Millions of people live with the effects of leprosy and tens of thousands of new cases are reported every year, but the debilitating disease can be eliminated given enough resources, an organisation helping to curb the disease said.

It is one of the oldest known diseases, first mentioned in written records in 600 BC, and affects the poorest and most marginalised communities. If untreated, it can lead to permanent disability.

Although the number of cases has plummeted from 5.2 million in 1985 to about 210,000 a year now, it still exists in more than 100 countries. The majority of cases are found in India, Brazil and Indonesia.

“The last mile is the most difficult one and the most expensive one, and one where you need most innovation and resources,” said Ann Aerts, head of the Novartis Foundation.

The foundation has run leprosy programmes for decades and is working with the World Health Organization (WHO) to reduce the spread of the disease.

“We cannot give up … now that we are almost there,” Aerts said in a telephone interview from Basel, Switzerland.

The WHO has made free treatment available globally since 1995, initially through the Nippon Foundation, and since 2000 through the pharmaceutical company Novartis and the Novartis Foundation.

In 2000, when the number of cases fell to less than one in 10,000 people, the WHO declared leprosy was no longer a public health problem, and the political and financial commitment to curbing the disease then dropped, Aerts said.

“With that we saw a drastic drop in case detection rate as well, which was definitely not linked to a decline in transmission but most probably a decline in reporting or diagnosing of leprosy,” she added.

Leprosy, a bacterial infection, is curable using a combination of three drugs. But it can only be diagnosed once visible symptoms appear, and this can take up to 20 years.

It is spread through droplets from the nose and mouth, after frequent contact with a sufferer.

One way of stopping the disease from spreading is to trace all contacts of patients and give them preventative treatment.

Because the disease carries a stigma going back centuries, many sufferers are afraid to come forward for help, or are reluctant to let friends and neighbours be contacted for preventative treatment.

People who develop disabilities from leprosy are often excluded from their families and their work, and women may find it harder to marry if they are known to have the disease, Aerts said.

Women are much less likely to be diagnosed than men – they comprised just 36 percent of new cases in 2014, WHO figures show.
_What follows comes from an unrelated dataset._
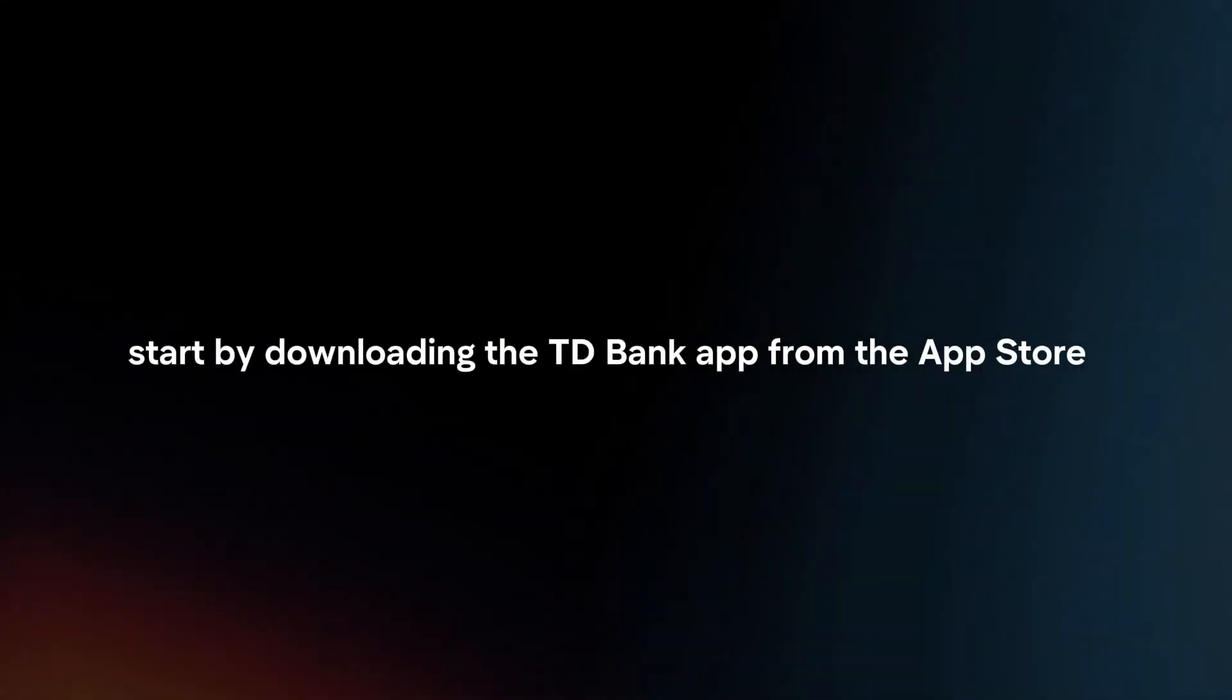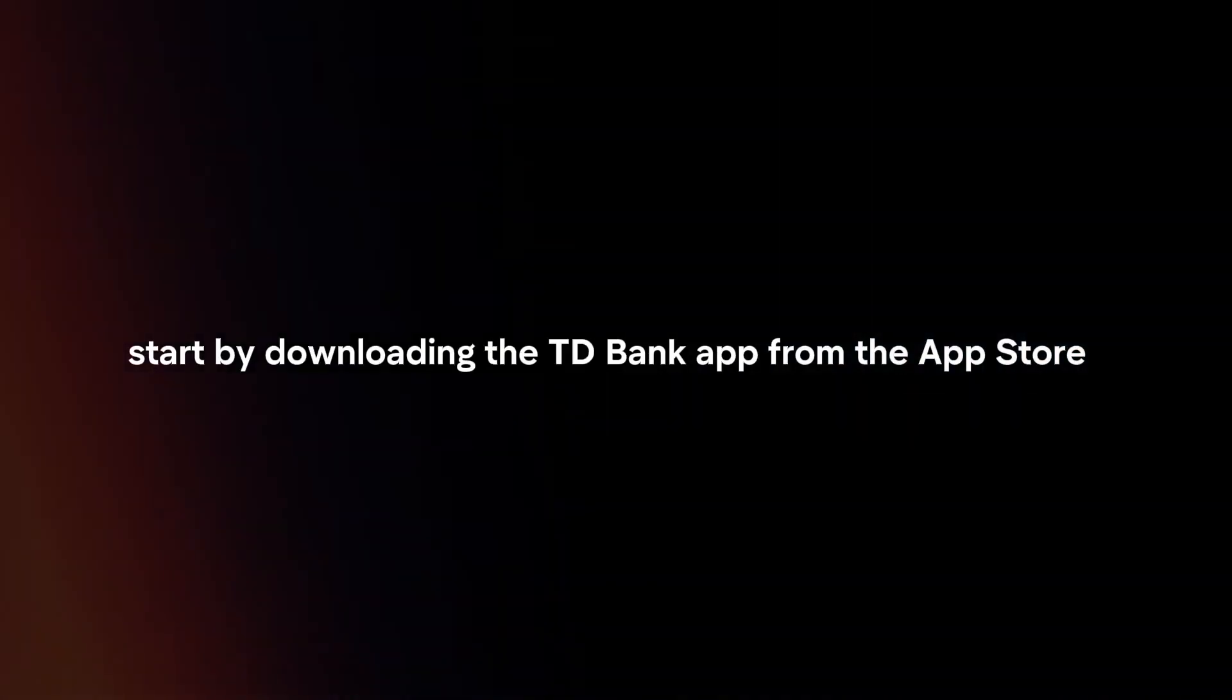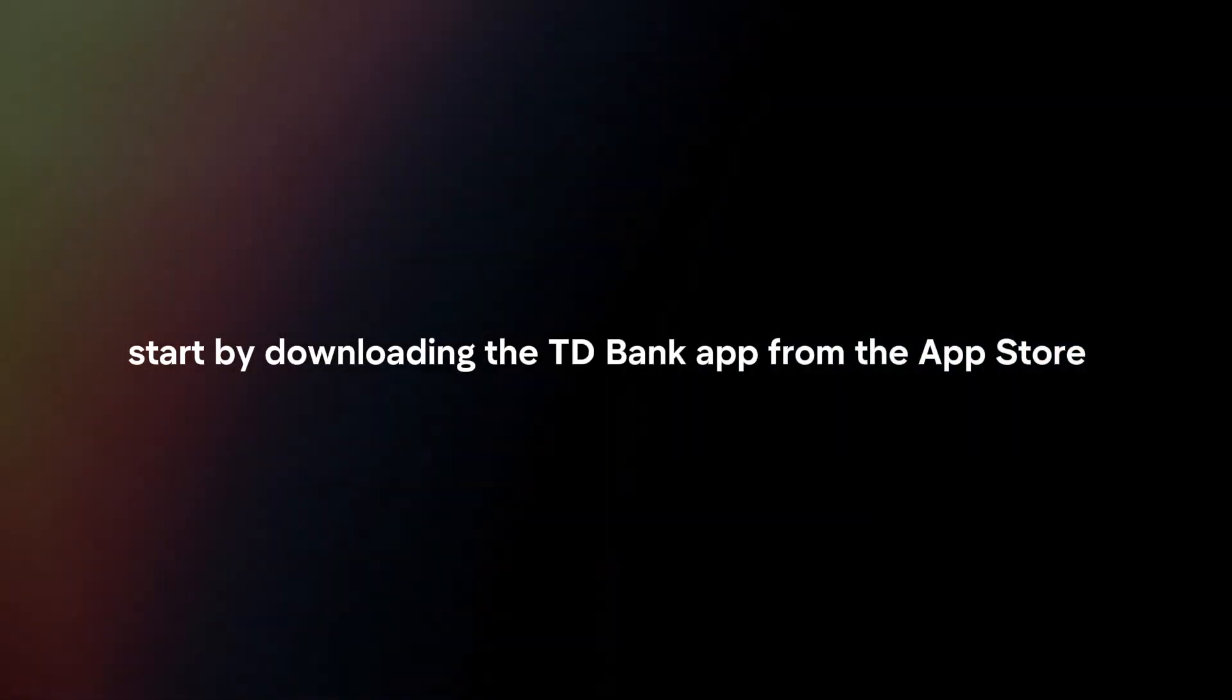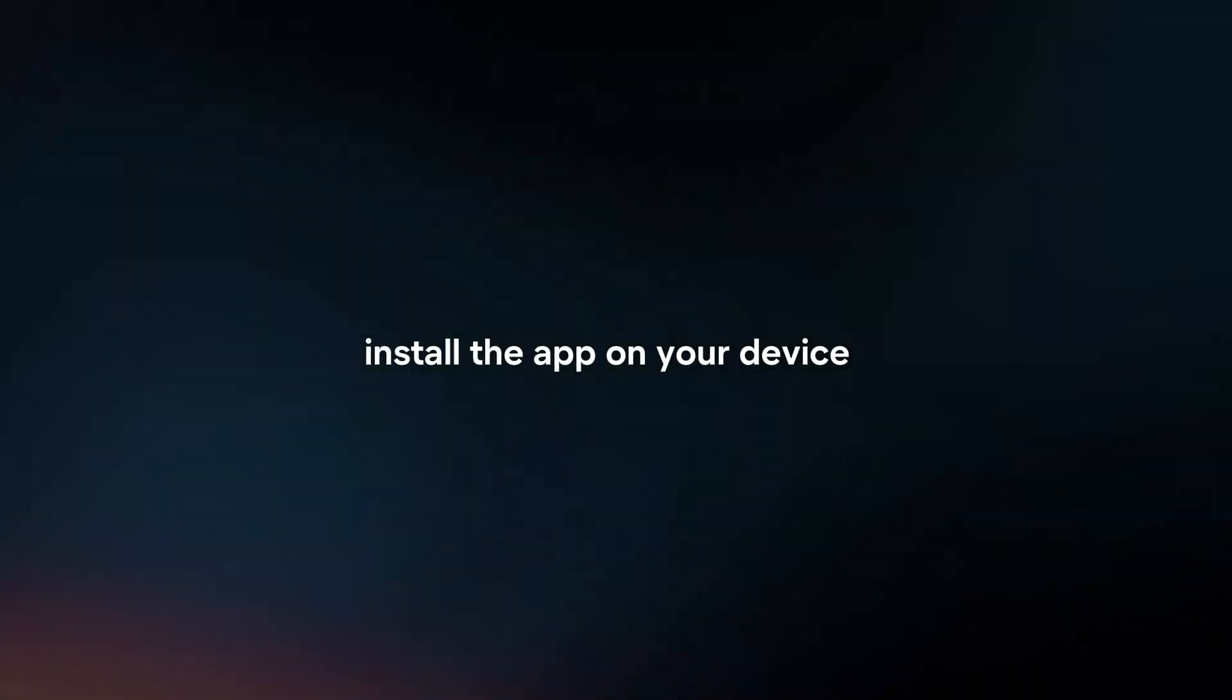Download and install. Start by downloading the TD Bank app from the App Store or Google Play Store. Install the app on your device.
Nearly 10 percent of new cases are children, according to the WHO, which is developing a strategy to improve early detection by 2020 and stop all children from developing deformities.

“Children with leprosy don’t get a chance,” Aerts said.

“They start their lives excluded because they have no more fingers or they cannot close their eyes any more, and you see how they suffer because they were not diagnosed in time.”

Adult patients may have been infected years before they were diagnosed, but children catching the disease is a sign the infection is being spread now.

“It’s very worrying that this is still the case,” Aerts said.

“That’s what is driving us to diagnose people earlier, to make sure we see fewer and fewer children with the disease, which would mean … the disease is being transmitted less and less.”